If Delhi is the capital of India, then metro is the soul of Delhi. Delhi metro is a mini India in itself where you encounter people of all varieties. We simply can’t ignore them and we absolutely love to hate them. So, here is a list of people you get to see while travelling in Delhi metro-
THE SMELLY LOT
As soon as they enter the couch, they spread their fragrance everywhere. It appears as if they have bathed in sweat. Okay, sweating is natural, but you don’t have to stand with your hands up so that everyone can enjoy your lovely stinking underarms.
THE PHONE STALKERS
They peep in your phone until infinity. They are a step ahead of our mothers in stalking. Yes, of course, you need something to pass our time while travelling but duh, spare me and my phone.
THE SUN-GLASS GUY
He does not care if it’s summers or not and doesn’t bother about the fact that he is indoor. He has his own swag. After all he has to protect his ever so charming eyes.
‘Thoda thoda shift ho jao please’ Jugaad is in the blood of Indians. These people (mostly girls) will ask you to shift and will adjust in the smallest spaces ever.
They will speak at their highest pitch and will leave you with a headache. Plus, all their phone calls will come while they are travelling. But congratulations, in an hour’s journey you will get to know their entire family story.
THE BOOK WORMS
They love books. They love reading. And they love Chetan Bhagat. They’ll not care if anyone stomp on their feet or even if they miss their station because they have to complete the entire book today itself.
THE LOVE BIRDS
They will stand so close that they appear to be one person instead of two. Like they have to show all their love while travelling only.
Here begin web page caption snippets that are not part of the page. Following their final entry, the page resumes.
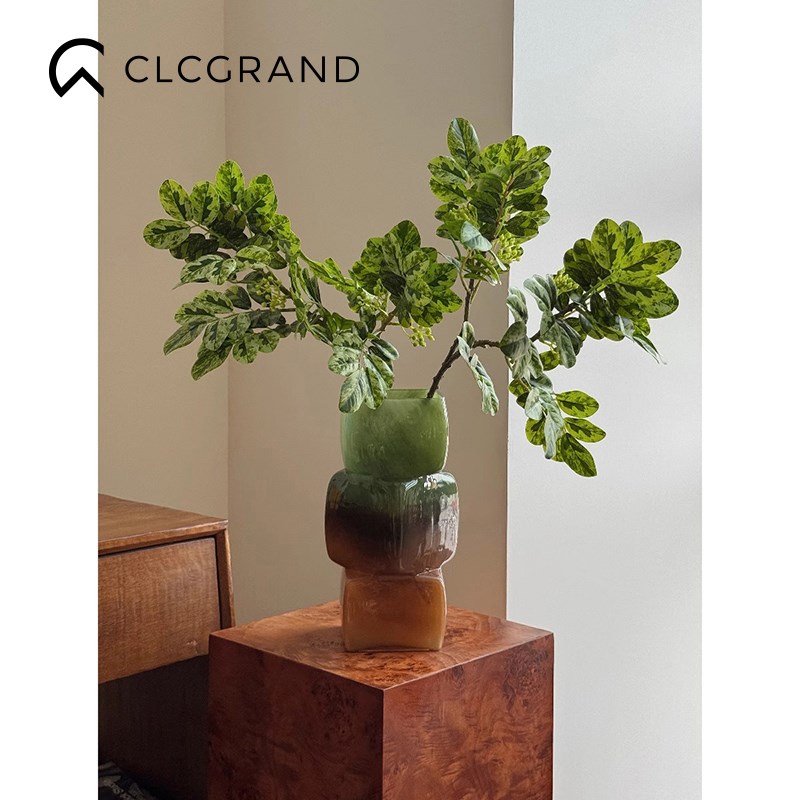 中古风绿色几何方块玻璃花瓶高级感客G厅插花装饰花器餐桌复古摆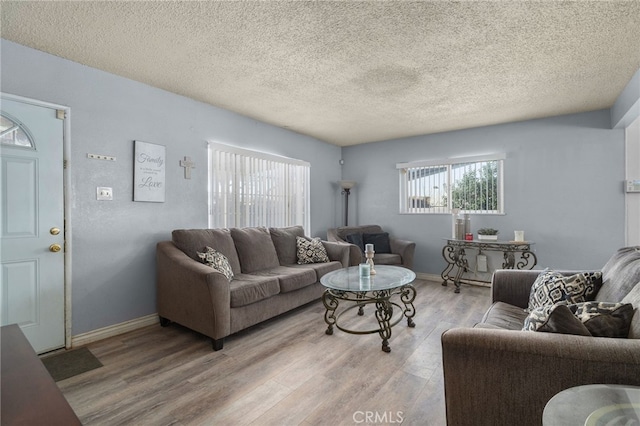 living room featuring a textured ceiling and light hardwood / wood-style flooring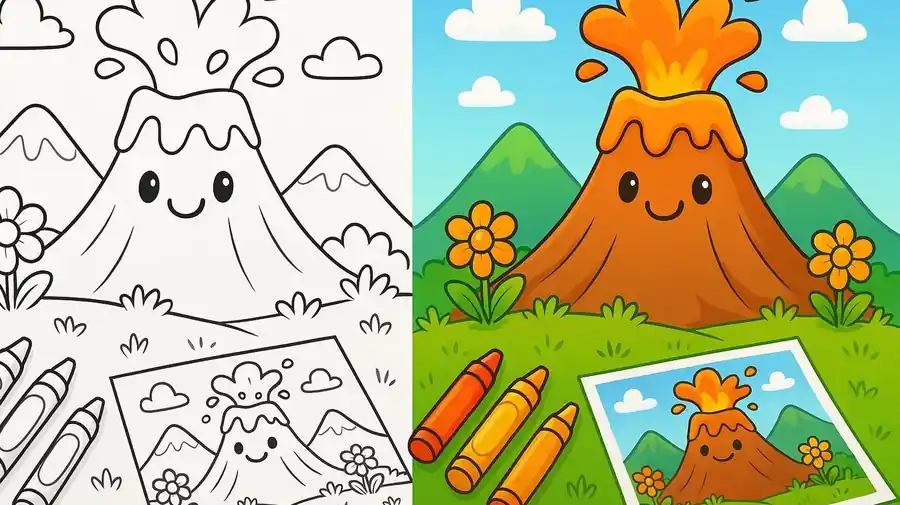 Volcano Coloring Pages featured image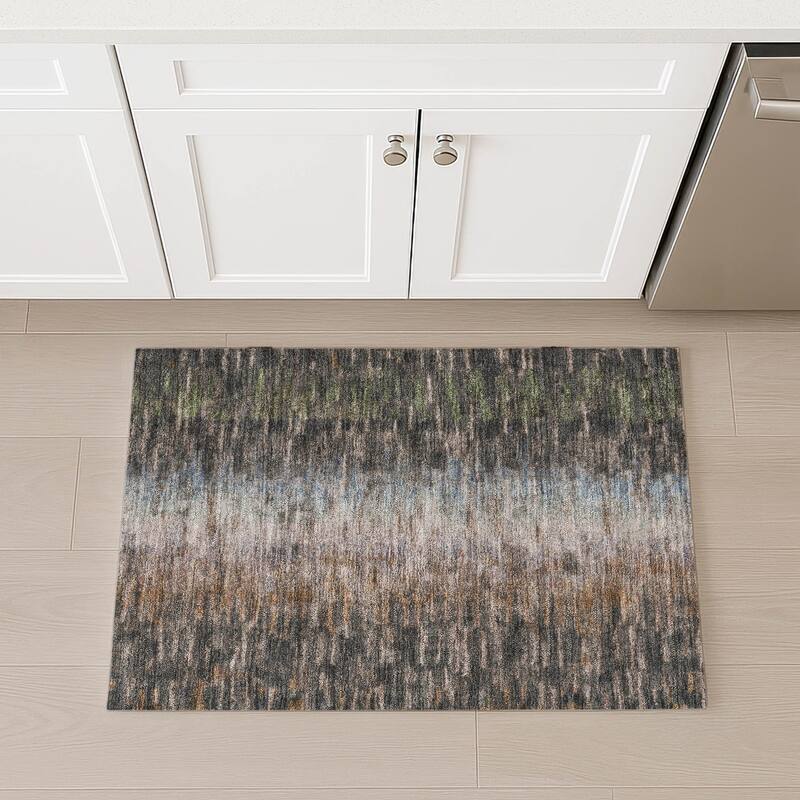 Machine Washable Indoor/ Outdoor Contemporary Ombre Chantille Rug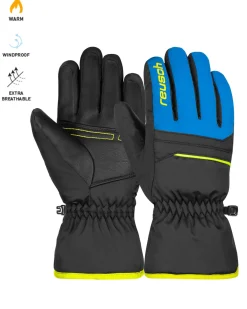 REUSCH - Guanti sci neri, blu e gialli da bambino idrorepellenti, antivento e ultratraspiranti - ALAN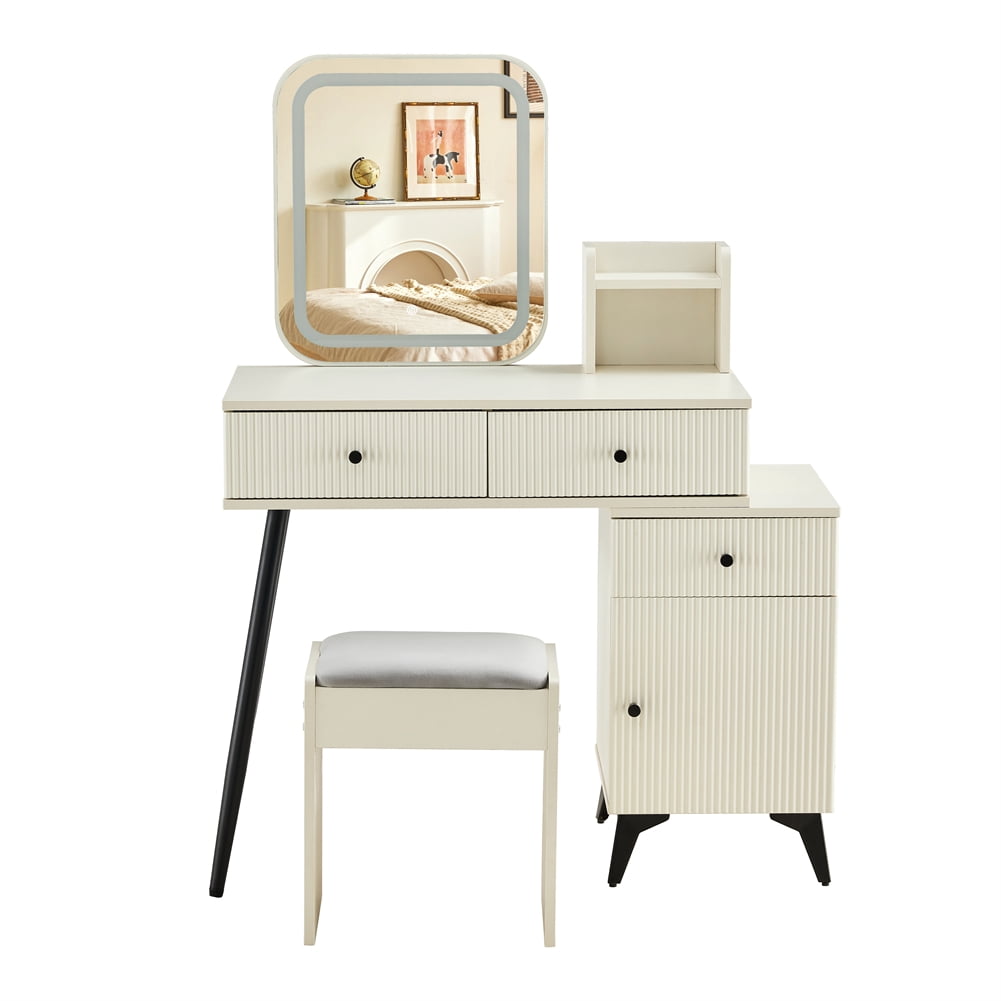 Movable Vanity Yesfashion Makeup Vanity With Lights, Vanity Desk With Stools & Movable ...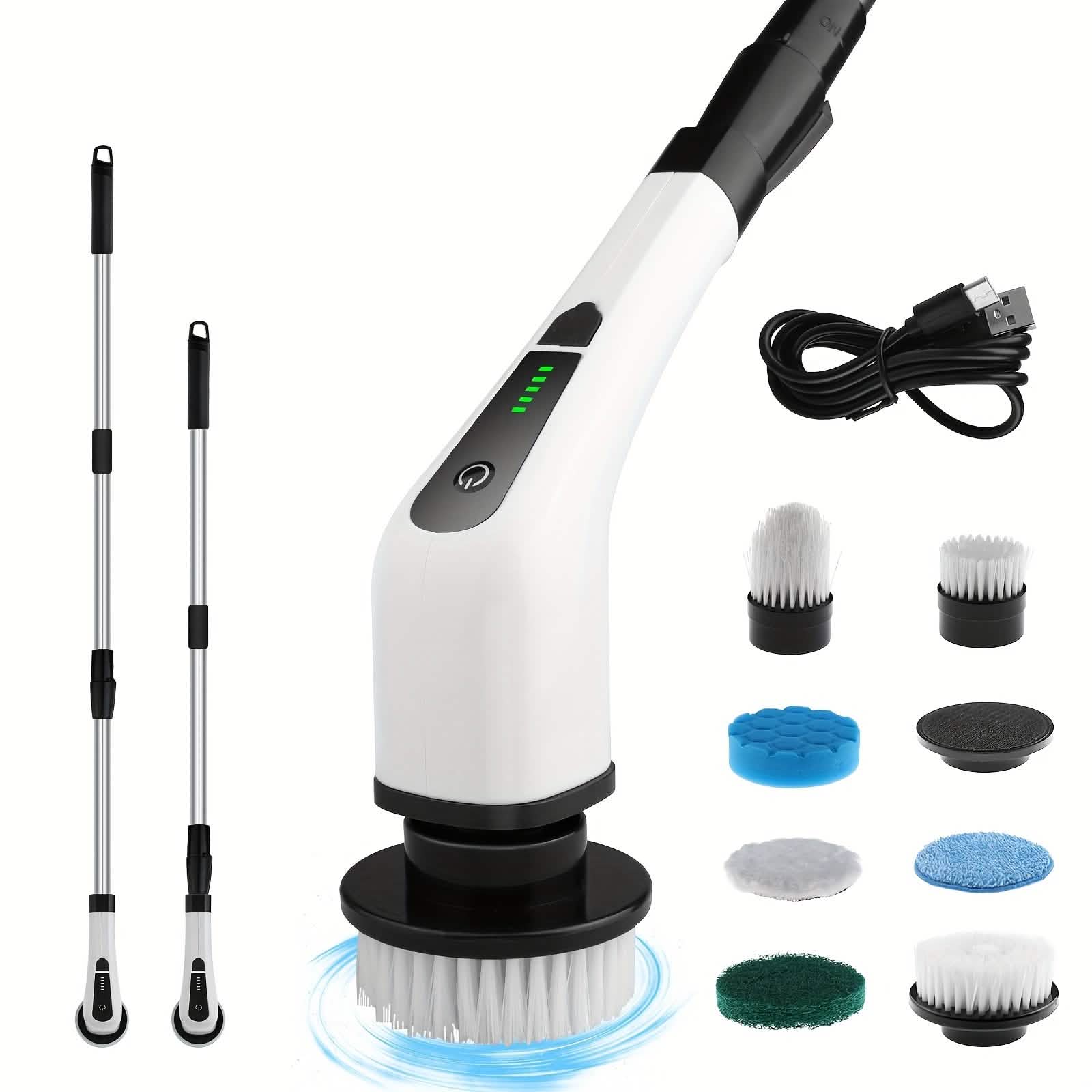 Electric Rotary Scrubber with Replaceable 8 Brush Heads and Adjustable Extension Handle DailySale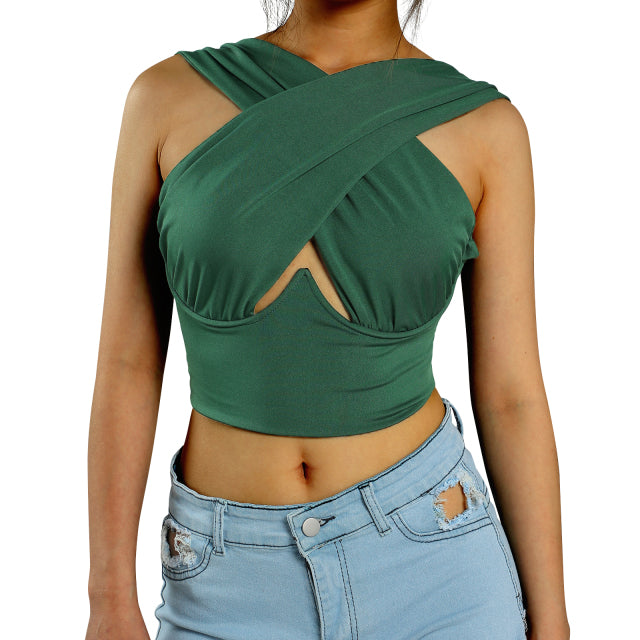 Women Criss Cross Tank Tops Sexy Sleeveless Solid Color Cutout Front Crop Tops Party Club Streetwear Lady Bustier Tops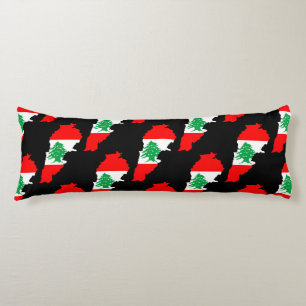 Lebanon Map with Flag Body Cushion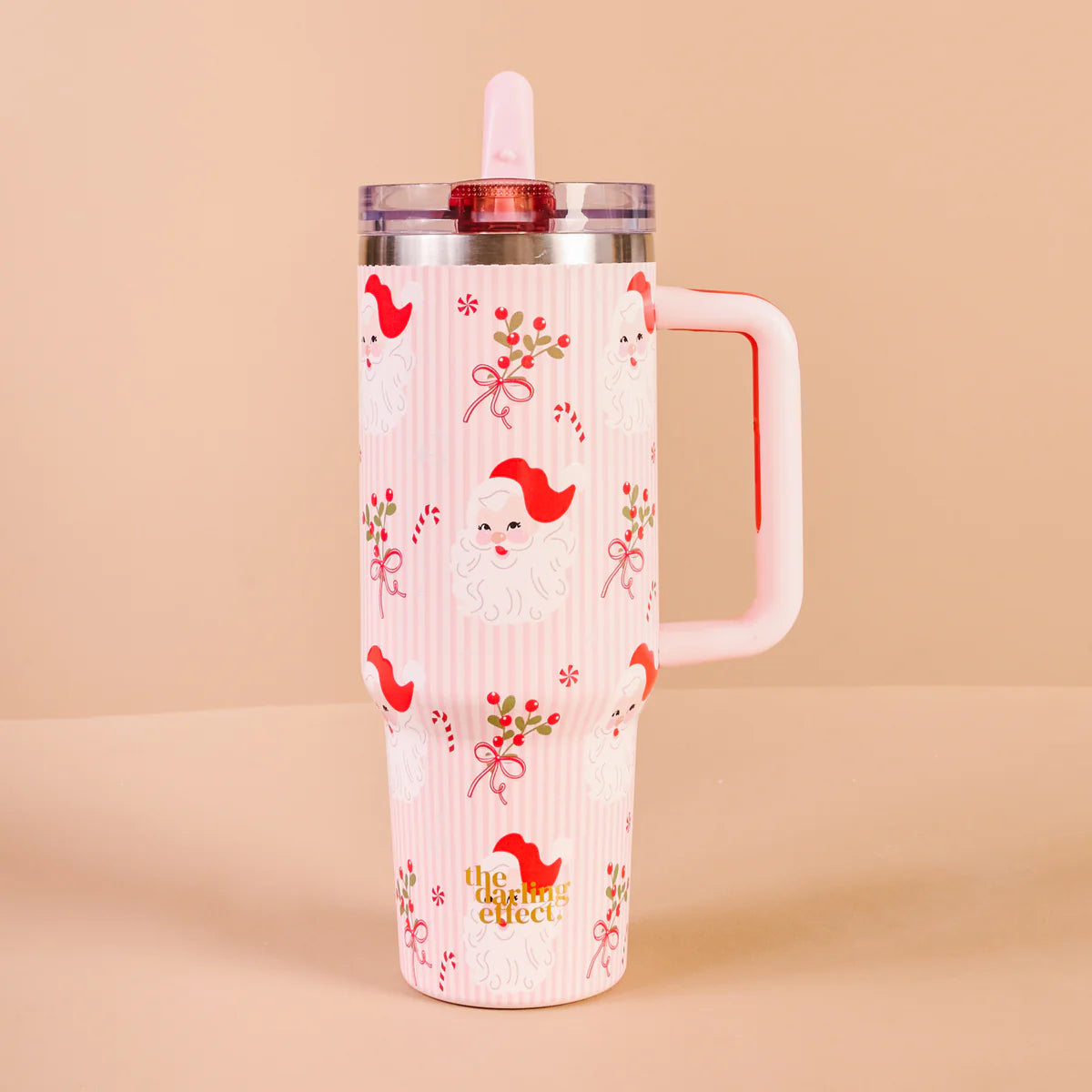 40oz Lifestyle Flip Straw  Holly Jolly Santa Tumbler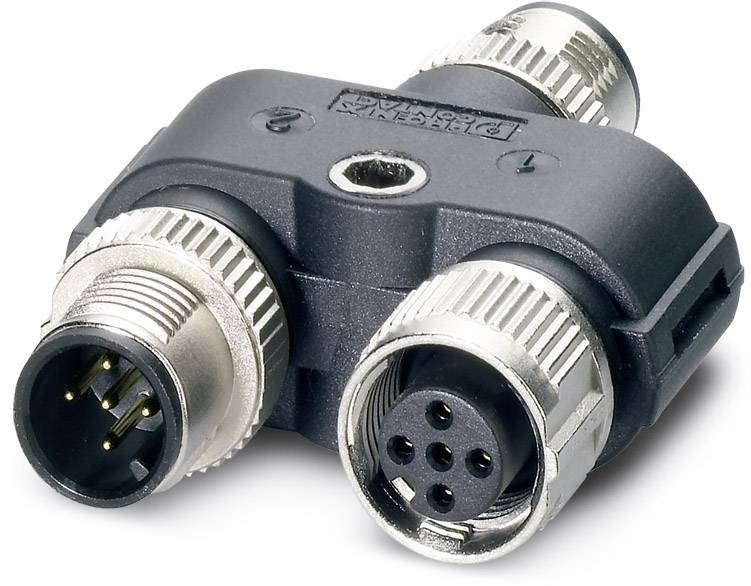 Un adaptateur en Y noir avec deux fiches femelles et une fiche mâle en métal, utilisé pour connecter des appareils électroniques.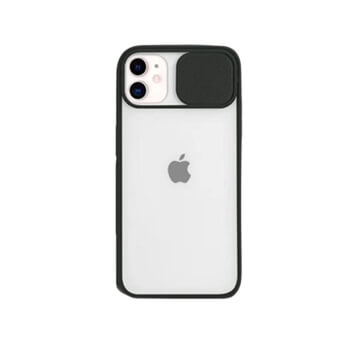 Silikonový ochranný obal s posuvným krytem na fotoaparát pro Apple iPhone 13 mini - černý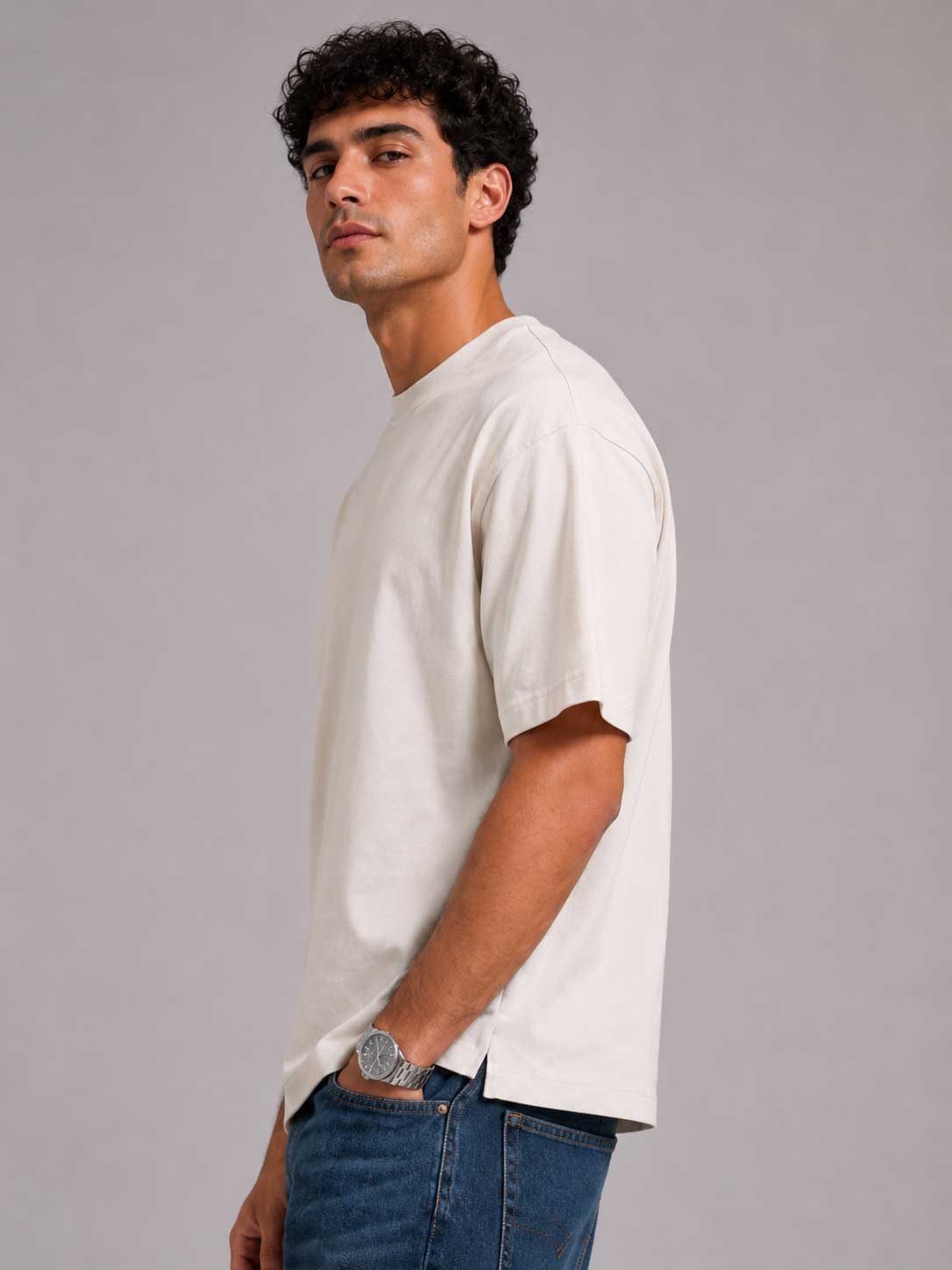 Relaxed Fit T-Shirt – Soft Sand T-shirt CIZARO - Cizaro Jeans
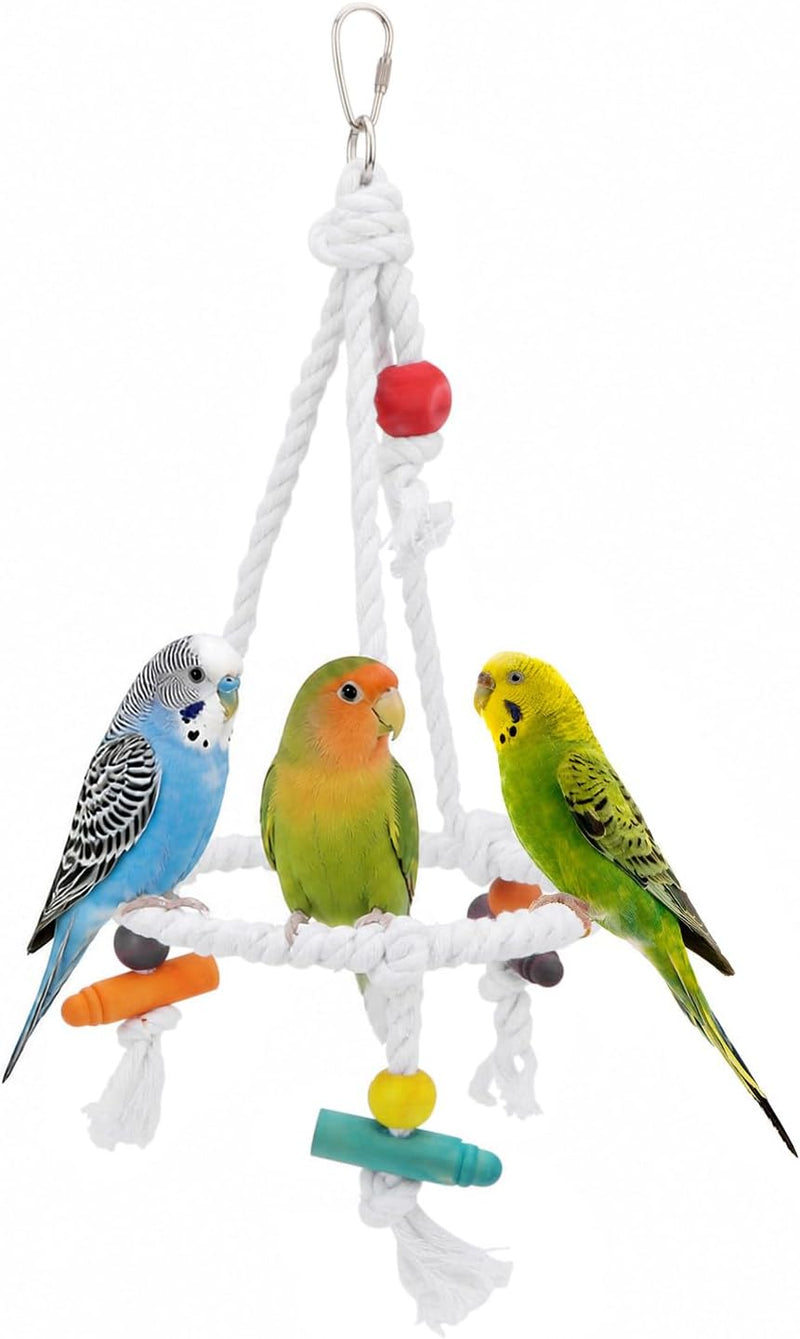 Hypeety Bird Swing Multi Birds Cotton Rope Round Hanging Hammock Perch Toy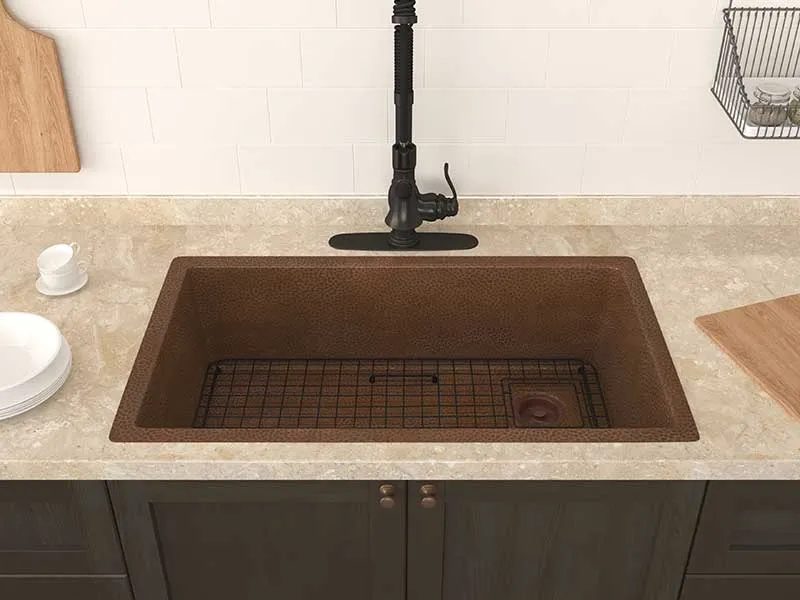 Anzzi Byzantine Drop-in Handmade Copper 31 in. 0-Hole Single Bowl Kitchen Sink in Hammered Antique Copper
They don’t feel embarrassed but they will make you embarrass thinking, ‘Go get a room guys!’
THE HEAVY LUGGAGE LOT
There is barely any space for people to stand but this intelligent lot brings the heaviest luggage with them. But they have an advantage you see, they sit on their luggage and travel comfortably.
I absolutely loved kids but not now. They will cry during the entire journey and irritate the hell out of you.